Aircraft-Induced Turbulence

I just saw the movie “Pushing Tin,” which was OK. It featured an odd ritual of standing on the runway below a landing 747. The turbulence and wind of the landing plane was (in the movie) so intense that the characters performing this crazy stunt were lifted up bodily and thrown accross the runway, oddly enough, to their great delight.

Is this remotely realistic? Sure, there’s got to be a stiff breeze from many tons of metal hurtling through the air just overhead, but would it be powerful enough to knock you down, let alone pick you up and throw you?

Has anyone out there tried this?

I haven’t seen the movie and I don’t know if it’s factual that you can actually get blown around like that, but…

It’s not just a big wind from the plane rushing by that they’re depicting. Airplane wings create vortices as a byproduct of the lift they generate. These are essentially horizontal whirlwinds that are shed from the wingtips and remain in the airplane’s track for quite a while. They can be very powerful and very persistent, and the bigger the plane the bigger the vortices.
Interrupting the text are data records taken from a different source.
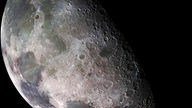 Blick auf die Oberfläche des Mondes, im mittleren Bereich ist das "Mondmeer" Mare Humboldtianum zu sehen.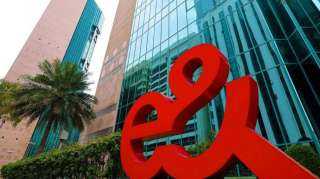 بـ5.95 مليار دولار.. إي آند الإماراتية تبيع كامل حصتها في فودافون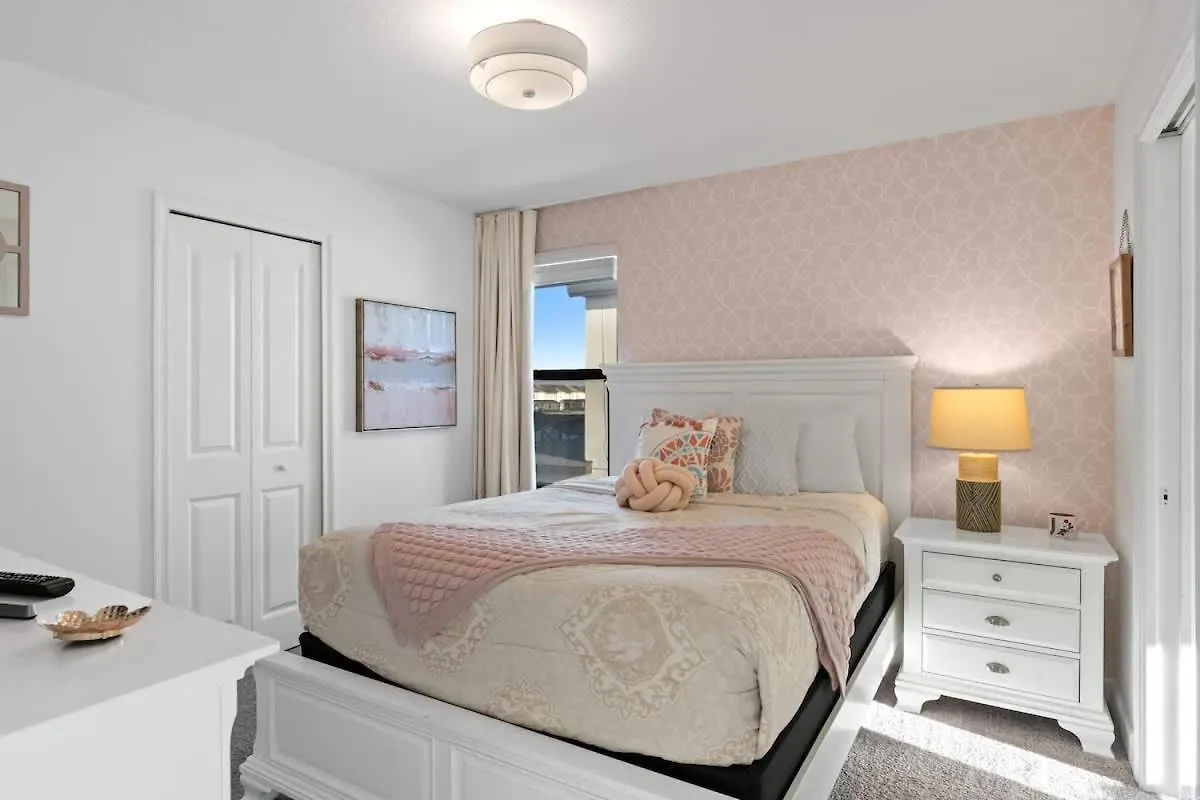 Luxury Decor 6br At Storey Sleeps 16 Sl2945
There are FAA regulations dealing with how close one plane can follow another that are based on the likelihood of the vortices from the front aircraft interfering with the control of the following plane. It’s a real problem with a 747 followed by a Piper Cub, for example. Pilots of small aircraft report handling difficulties even at distances of a mile or more.

From the Asleep at the Wheel CD, Bob Wills Rides Again:
“It must be hard to lose your wife.”
“Sometimes it’s damn near impossible!”

The vortices from a large jet are powerful enough to flip smaller airplanes on their back.

A friend of my dad’s was flying a Cessna 172 when she was cleared to land in front of a 747. The tower asked her to expedite her landing because there was a 747 behind her. She told the tower, “Tell him to be aware of my wake!”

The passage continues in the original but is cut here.